Bonds are always risky assets. People just forget that after an almost 40-year bull market. From MN Gordon at economicprism.com:

“When the [credit] delusion breaks, people all with one impulse hoard their money, banks all with one impulse hoard credit, and debt becomes debt again, as it always was.  Credit is ruined.”

– Garet Garrett, 1932, A Bubble that Broke the World

Down, Down, Down

Third quarter 2022 ends today [Friday].  We’re entering the year’s home stretch.  Thus, we’ll take a moment to observe where money and markets have been, so we can conjecture as to where they’re going.

To begin, United States stock markets are in an epic battle between bulls and bears.  For most of the year, the bears have been delivering heavy blows.  But the bulls have not taken their punches lying down.  Here’s a quick review of the three major U.S. Indexes…

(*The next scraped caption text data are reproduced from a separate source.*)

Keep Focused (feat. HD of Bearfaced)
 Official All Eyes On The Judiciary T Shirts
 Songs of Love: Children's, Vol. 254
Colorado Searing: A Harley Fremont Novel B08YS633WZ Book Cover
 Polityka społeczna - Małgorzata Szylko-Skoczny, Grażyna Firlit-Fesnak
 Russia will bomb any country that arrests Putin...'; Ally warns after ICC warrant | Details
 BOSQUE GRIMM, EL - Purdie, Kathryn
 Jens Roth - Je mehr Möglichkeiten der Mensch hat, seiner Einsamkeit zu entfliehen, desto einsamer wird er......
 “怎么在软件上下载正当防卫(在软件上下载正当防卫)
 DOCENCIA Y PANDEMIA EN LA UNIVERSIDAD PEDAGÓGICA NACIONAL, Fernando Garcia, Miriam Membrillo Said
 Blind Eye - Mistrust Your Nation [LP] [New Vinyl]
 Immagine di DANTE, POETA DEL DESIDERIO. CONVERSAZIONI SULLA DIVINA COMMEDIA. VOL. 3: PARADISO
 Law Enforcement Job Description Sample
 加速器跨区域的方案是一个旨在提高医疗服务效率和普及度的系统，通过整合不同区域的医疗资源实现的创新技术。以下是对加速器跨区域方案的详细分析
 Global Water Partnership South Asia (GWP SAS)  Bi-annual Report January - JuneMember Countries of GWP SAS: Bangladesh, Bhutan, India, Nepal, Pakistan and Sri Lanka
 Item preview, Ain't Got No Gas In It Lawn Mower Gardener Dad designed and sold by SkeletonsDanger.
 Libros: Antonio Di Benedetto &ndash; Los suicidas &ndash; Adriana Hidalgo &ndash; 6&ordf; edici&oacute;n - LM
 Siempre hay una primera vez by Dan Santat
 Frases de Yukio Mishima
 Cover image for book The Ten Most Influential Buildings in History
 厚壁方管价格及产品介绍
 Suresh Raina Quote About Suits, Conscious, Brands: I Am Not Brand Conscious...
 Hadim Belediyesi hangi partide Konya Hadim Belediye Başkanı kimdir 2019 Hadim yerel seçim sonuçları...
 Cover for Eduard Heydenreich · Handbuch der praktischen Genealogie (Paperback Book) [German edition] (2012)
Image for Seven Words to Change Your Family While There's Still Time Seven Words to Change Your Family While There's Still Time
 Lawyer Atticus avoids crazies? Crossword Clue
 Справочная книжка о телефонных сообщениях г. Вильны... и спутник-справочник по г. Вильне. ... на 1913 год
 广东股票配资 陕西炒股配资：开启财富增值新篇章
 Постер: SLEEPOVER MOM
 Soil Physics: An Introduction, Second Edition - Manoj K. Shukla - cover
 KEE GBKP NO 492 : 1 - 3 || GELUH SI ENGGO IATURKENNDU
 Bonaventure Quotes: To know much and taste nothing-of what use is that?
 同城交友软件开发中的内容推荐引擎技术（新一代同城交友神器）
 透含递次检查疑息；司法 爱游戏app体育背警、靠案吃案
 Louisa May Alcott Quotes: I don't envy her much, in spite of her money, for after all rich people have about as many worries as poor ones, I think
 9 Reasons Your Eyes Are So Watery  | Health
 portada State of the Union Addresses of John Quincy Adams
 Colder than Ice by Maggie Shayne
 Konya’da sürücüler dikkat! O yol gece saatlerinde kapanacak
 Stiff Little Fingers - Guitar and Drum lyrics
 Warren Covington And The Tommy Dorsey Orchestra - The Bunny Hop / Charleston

After peaking out on January 4, 2022, at 4,814.62 the S&P 500 declined 24.46 percent to an interim bottom of 3,636.87 on June 17, 2022.  The DJIA fell approximately 19.71 percent over this time.

The NASDAQ’s decline commenced on November 22, 2021, at a peak of 16,212.23.  It then cascaded to an interim bottom of 10,565.14 on June 16, 2022, for a top to bottom decline of 34.83 percent.

The indexes then rallied into mid-August.  Many investors thought the bear market was over.  They invested accordingly.  But, alas, it was merely a sucker’s rally.  September was ugly.